→ **Listed records**
------------------------------------------------------------------------

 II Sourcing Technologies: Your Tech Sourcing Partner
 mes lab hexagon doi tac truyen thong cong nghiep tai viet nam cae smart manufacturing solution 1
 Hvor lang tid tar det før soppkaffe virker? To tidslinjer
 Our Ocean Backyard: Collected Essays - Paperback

------------------------------------------------------------------------

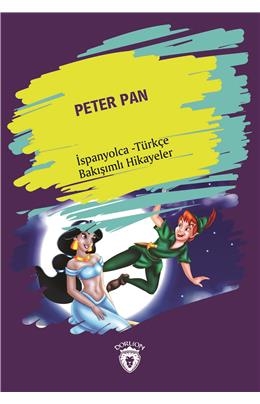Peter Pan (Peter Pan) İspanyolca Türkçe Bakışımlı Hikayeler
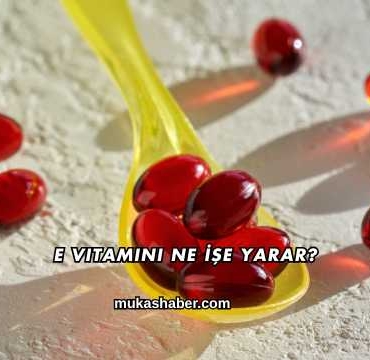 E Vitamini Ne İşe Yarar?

------------------------------------------------------------------------

→ **Problem details**
Of the records above, print only the lines from the one containing "Peter Pan (Peter" through the one containing "E Vitamini Ne İşe Yarar?", inclusive and unaltered, leaving out pictures.

→ **Result**
Peter Pan (Peter Pan) İspanyolca Türkçe Bakışımlı Hikayeler
 E Vitamini Ne İşe Yarar?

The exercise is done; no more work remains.